OELC Staff Article, “Environmental Enforcement and the Limits of Cooperative Federalism,” to be published in the fall issue of the Duke Environmental Law & Policy Forum
Laws to protect environmental and human health are not worth the paper they are printed unless they are effectively enforced. While Congress intended federal and state agencies to be primarily responsible for enforcement, legislators also included provisions allowing private citizens to enforce the laws when the government was unwilling or unable to do so. These so-called “citizen suit” provisions, included in every major environmental law, allow “citizen attorneys general” to sue violators in federal court.

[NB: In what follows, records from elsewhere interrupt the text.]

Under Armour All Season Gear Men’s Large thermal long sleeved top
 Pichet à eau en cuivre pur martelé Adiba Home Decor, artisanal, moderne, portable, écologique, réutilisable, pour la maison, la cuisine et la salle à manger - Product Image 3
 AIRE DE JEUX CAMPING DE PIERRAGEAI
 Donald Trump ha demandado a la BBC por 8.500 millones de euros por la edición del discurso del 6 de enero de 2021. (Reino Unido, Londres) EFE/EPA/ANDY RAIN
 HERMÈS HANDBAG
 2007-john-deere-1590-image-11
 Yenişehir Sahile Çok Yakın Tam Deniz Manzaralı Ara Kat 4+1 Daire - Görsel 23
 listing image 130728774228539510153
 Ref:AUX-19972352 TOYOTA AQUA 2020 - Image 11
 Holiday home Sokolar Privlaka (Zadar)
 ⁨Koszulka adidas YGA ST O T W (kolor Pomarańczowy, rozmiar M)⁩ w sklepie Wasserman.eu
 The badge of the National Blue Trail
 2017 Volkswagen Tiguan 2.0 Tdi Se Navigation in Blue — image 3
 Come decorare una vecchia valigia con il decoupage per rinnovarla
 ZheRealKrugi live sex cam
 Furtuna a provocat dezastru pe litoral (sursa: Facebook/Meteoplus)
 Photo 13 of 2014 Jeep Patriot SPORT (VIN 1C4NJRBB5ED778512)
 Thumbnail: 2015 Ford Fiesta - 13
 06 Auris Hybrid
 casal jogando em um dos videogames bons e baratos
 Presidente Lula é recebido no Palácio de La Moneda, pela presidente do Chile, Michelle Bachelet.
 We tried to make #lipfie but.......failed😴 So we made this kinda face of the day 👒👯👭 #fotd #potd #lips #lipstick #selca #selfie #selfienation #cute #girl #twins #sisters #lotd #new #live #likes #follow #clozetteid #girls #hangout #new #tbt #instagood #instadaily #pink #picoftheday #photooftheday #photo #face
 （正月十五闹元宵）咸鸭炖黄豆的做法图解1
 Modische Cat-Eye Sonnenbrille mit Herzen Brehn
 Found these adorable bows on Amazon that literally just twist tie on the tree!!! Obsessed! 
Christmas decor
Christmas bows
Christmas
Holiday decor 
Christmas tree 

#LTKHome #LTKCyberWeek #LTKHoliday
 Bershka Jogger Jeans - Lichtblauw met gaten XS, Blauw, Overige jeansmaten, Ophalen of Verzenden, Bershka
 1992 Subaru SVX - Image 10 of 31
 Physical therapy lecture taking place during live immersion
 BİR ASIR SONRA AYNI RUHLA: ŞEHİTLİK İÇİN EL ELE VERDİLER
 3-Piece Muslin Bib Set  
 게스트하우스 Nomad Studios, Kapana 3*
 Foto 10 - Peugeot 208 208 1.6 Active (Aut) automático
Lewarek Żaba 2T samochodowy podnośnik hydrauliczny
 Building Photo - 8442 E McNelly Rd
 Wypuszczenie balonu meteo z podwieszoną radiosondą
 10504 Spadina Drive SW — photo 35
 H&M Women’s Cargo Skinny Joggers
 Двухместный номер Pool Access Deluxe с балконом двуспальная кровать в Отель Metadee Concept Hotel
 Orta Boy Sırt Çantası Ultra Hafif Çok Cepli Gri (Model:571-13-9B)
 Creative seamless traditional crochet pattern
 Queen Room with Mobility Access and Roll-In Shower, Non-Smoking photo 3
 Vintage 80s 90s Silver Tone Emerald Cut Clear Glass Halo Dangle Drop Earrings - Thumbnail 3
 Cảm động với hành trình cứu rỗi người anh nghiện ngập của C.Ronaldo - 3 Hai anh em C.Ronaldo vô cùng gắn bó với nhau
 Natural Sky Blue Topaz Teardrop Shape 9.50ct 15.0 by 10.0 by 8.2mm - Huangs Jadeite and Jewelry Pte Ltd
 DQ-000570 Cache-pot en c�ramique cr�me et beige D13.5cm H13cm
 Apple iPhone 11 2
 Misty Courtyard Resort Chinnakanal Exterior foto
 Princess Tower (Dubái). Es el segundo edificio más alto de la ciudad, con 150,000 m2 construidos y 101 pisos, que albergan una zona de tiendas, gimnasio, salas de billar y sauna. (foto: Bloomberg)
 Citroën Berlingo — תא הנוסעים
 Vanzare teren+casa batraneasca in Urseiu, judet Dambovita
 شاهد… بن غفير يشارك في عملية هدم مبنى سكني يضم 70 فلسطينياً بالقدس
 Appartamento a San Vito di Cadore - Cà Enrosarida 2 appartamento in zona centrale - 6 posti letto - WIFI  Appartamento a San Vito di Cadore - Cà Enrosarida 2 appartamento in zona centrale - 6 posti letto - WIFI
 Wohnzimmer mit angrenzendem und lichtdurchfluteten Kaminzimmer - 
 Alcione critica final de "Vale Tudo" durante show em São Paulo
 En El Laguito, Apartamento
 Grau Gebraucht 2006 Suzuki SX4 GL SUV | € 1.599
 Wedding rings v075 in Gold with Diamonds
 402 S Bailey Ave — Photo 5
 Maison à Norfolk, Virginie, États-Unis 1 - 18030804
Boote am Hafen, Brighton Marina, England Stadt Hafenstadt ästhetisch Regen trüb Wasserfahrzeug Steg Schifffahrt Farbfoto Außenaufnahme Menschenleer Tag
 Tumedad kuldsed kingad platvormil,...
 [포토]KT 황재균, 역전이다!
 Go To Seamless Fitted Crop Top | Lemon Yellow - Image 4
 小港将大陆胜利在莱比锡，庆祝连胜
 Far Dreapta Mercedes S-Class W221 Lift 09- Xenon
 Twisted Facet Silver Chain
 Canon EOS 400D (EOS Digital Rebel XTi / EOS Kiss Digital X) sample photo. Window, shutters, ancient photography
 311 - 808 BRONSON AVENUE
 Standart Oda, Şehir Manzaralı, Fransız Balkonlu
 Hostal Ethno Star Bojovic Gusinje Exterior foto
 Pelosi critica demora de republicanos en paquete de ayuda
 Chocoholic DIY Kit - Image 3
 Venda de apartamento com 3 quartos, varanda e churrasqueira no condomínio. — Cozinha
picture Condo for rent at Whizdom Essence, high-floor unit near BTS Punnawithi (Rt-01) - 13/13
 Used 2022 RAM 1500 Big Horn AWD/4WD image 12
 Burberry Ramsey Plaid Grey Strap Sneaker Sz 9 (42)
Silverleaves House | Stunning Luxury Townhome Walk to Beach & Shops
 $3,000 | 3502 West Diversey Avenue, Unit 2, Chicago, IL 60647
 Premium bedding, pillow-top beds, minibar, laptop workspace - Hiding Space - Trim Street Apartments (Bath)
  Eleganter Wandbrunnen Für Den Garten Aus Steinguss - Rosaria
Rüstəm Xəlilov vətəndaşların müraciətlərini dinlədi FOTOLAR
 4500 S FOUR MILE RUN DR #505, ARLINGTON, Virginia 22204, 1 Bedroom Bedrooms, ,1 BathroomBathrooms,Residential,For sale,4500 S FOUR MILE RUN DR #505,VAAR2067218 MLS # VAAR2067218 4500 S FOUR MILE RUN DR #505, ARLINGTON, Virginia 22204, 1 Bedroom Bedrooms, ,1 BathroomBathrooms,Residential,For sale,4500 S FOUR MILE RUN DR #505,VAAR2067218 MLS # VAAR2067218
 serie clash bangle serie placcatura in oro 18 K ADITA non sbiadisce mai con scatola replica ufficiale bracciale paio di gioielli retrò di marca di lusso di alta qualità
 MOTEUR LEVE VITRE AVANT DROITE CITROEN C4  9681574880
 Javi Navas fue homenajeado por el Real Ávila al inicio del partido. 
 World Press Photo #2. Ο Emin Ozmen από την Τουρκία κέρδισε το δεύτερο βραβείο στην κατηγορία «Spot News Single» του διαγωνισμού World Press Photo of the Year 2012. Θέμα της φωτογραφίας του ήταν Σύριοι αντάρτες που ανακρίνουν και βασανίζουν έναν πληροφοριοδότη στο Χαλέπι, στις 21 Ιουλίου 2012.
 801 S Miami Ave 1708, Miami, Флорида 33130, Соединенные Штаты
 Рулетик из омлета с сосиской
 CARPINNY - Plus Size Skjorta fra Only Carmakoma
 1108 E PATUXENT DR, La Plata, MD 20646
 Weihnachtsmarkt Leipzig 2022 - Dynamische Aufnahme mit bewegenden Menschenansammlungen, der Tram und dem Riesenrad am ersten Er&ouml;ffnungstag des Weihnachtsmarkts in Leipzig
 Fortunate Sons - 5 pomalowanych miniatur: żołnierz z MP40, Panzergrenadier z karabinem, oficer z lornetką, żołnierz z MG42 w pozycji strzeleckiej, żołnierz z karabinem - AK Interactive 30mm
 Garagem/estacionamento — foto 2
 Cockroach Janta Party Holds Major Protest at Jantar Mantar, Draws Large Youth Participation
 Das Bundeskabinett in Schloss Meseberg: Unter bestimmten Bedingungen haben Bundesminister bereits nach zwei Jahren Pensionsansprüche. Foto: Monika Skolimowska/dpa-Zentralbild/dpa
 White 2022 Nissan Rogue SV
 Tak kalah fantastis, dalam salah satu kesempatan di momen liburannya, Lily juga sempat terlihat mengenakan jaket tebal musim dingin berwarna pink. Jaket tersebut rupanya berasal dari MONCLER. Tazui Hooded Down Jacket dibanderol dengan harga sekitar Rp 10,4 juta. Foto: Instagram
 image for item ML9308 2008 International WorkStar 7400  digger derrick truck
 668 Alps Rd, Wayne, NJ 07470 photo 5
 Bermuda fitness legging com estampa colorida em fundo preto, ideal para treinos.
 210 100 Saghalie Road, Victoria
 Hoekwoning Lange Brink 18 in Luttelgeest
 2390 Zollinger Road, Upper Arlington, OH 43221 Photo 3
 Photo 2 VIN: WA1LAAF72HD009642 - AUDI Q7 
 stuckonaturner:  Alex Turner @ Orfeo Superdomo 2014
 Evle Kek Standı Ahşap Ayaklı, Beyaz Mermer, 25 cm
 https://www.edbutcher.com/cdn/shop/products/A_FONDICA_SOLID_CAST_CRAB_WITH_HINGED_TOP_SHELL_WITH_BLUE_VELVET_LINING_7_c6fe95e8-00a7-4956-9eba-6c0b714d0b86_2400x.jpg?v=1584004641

However, some courts have erected legal barriers and disincentives to keep Citizen Suits out of the courts and pollution to continue. The courts’ overly strict requirements and misinterpretations of the reasoning behind the law stand to dismantle the foundation of federal environmental law unless changes are made soon.
In its continuing efforts to be a force for change in the development of environmental law and policy, the OEC’s Ohio Environmental Law Center tackles this important issue in its first scholarly law journal article. OEC staff attorneys’ profound analysis of the intent behind these “citizen suit” laws culminated in the article’s recommended call to Congress to fix these barriers and disincentives, and allow environmental laws to be fully enforced.
The article, “Environmental Enforcement and the Limits of Cooperative Federalism,” will be published in the fall issue of the Duke Environmental Law & Policy Forum (one of the top environmental law journals in the nation).